### Exercise details
Using the entries below, write out the line with "this 400×267 image.", the line with "this 962×722 image.", and every line in between, exactly as each is written.

(Records from a data collection)
· · · · · · ·

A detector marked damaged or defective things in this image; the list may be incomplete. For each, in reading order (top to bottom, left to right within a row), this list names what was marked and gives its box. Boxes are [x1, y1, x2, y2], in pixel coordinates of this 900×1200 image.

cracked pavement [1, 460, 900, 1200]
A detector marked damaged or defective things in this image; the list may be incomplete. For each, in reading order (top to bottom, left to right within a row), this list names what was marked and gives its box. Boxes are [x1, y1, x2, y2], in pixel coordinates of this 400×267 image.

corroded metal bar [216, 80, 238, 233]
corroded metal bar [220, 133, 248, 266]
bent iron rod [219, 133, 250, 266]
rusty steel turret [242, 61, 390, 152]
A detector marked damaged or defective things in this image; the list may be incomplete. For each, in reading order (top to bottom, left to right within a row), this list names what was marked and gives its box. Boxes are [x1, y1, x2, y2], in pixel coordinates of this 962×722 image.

· · · · · · ·

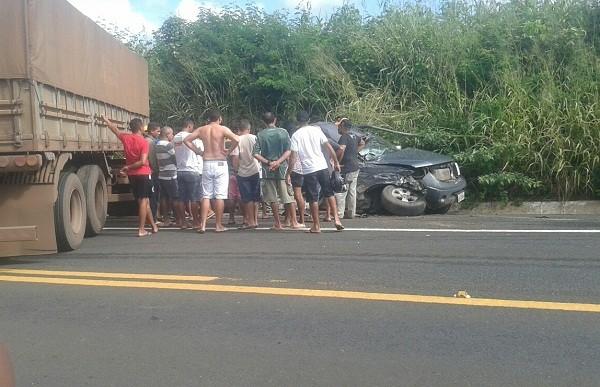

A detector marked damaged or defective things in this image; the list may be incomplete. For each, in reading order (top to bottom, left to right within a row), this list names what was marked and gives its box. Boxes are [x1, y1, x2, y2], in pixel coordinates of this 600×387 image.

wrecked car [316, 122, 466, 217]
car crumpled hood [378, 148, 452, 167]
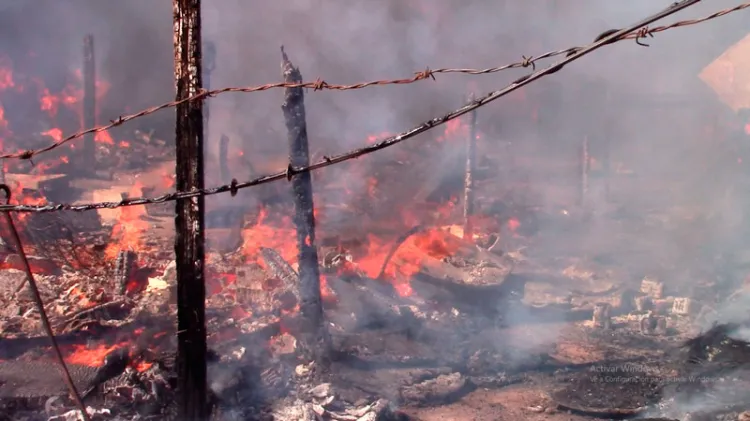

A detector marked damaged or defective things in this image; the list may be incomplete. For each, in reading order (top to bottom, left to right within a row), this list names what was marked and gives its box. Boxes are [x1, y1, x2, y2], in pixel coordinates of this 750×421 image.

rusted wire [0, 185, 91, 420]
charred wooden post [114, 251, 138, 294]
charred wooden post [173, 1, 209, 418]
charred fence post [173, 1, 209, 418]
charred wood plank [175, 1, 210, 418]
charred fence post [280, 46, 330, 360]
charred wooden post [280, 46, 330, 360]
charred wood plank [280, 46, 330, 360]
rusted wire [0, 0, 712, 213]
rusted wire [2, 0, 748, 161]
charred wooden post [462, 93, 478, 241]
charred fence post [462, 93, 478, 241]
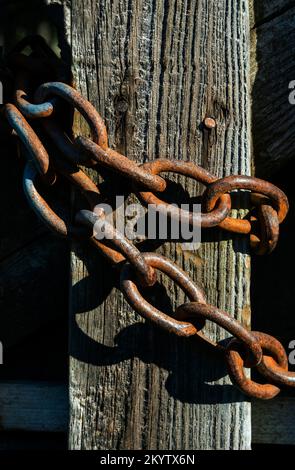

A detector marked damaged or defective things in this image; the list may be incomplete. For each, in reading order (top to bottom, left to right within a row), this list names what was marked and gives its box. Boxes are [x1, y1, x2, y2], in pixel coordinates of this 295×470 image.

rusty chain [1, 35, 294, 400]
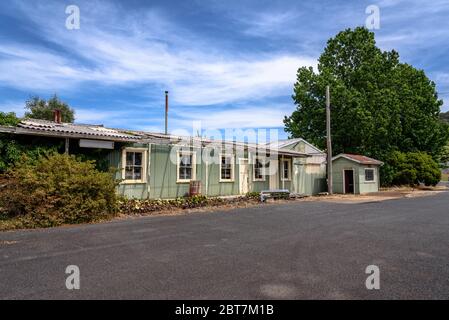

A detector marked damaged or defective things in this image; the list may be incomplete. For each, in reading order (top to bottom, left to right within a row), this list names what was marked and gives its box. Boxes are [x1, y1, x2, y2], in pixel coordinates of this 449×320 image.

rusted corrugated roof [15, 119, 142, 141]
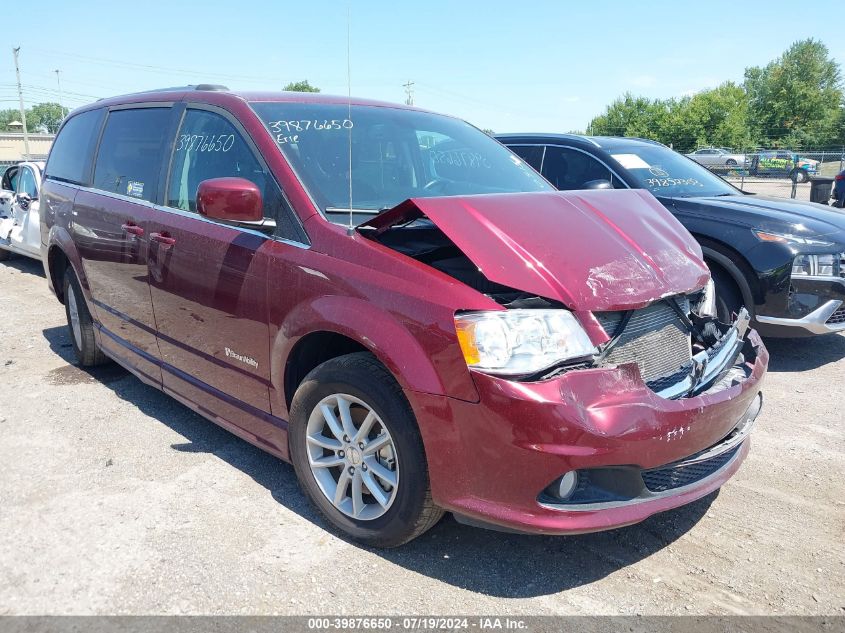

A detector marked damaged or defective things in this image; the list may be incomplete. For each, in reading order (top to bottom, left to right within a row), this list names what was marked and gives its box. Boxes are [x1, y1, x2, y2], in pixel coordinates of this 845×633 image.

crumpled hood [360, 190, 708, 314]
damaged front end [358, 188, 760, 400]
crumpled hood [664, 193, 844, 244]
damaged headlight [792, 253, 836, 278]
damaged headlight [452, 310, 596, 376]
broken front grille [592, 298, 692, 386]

· · · · · · ·

### Response box
A detector marked damaged or defective things in this image; the list may be incomplete. For each, in reading order (top to bottom, left to right within a row), this list names what was marked and gives its box. Boxes are [x1, y1, x2, y2], in pixel coordinates of this 400×267 image.

corroded metal bar [216, 80, 238, 233]
corroded metal bar [220, 133, 248, 266]
bent iron rod [219, 133, 250, 266]
rusty steel turret [242, 61, 390, 152]
A detector marked damaged or defective things in this image; the list may be incomplete. For each, in reading order (top to bottom, left to right within a row), this list names what was marked and gives its box. Boxes are [x1, y1, x2, y2], in pixel coordinates of this 962×722 image.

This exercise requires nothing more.